- source: Family History Library Catalog
- the text in this section is copied from an article in Wikipedia
Cheam is a large suburban village in the London Borough of Sutton, England, and is an elongated area just inside the southern boundary of Greater London where it meets Surrey. It is divided into two main areas: North Cheam and Cheam Village. North Cheam includes more retail shops and supermarkets, whilst Cheam Village and the south of Cheam are more residential. The Village does, however, constitute a small retail and restaurant quarter in its own right (see below).
Cheam has a number of listed buildings, including Lumley Chapel and the 16th-century Whitehall Gallery, and is adjacent to two large adjoining parks, Nonsuch Park and Cheam Park. Nonsuch Park contains the listed Nonsuch Mansion.
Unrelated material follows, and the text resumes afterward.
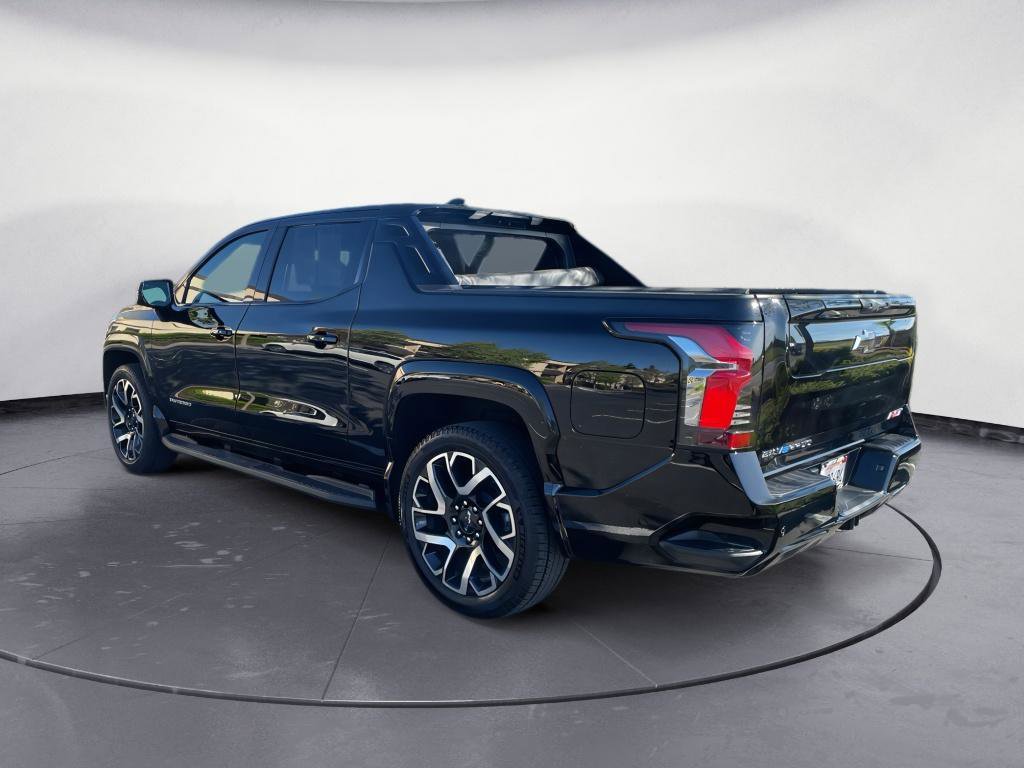 Used 2024 Chevrolet Silverado EV RST image 5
Parts of Cheam Park and Cheam Village are in a conservation area.
In common with neighbouring Sutton, Cheam is a film location, and a number of television programmes have been shot there over the years.
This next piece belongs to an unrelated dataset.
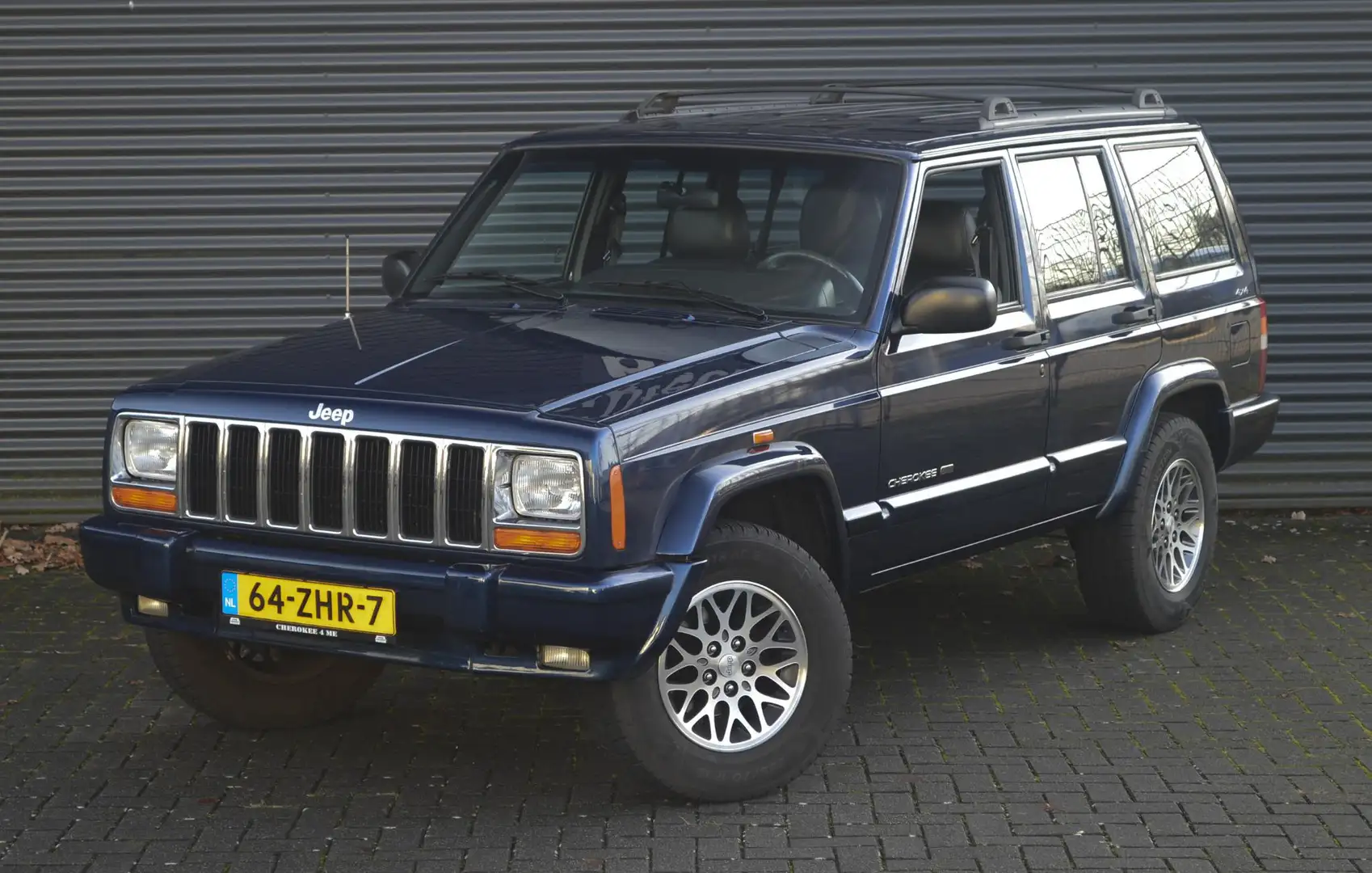 Jeep Cherokee XJ 4.0 Automaat Blauw - 1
Cheam is bordered by Worcester Park (to the north-west), Morden (to the north-east), Sutton (to the east), Ewell (to the west) as well as Banstead and Belmont to the South.
According to A Vision of Britain through Time, Cheam was in the Epsom Registration District in the 19th century and became part of Epsom Rural District in 1894. In 1928, remaining as a civil parish in its own right, it became part of Sutton and Cheam Urban District until 1934 when the urban district changed to a municipal borough due to growth in the population. In 1949 Cheam civil parish was abolished in favour of the combined Sutton and Cheam civil parish. In 1965 the area became the principal part of the London Borough of Sutton.
Greater London Research Tips
- See wiki.familysearch.org under "London" and also under "Middlesex", "Surrey" and "Kent" for key information about Greater London's jurisdictions and records, plus links to indexes, reference aids and Family History Library holdings.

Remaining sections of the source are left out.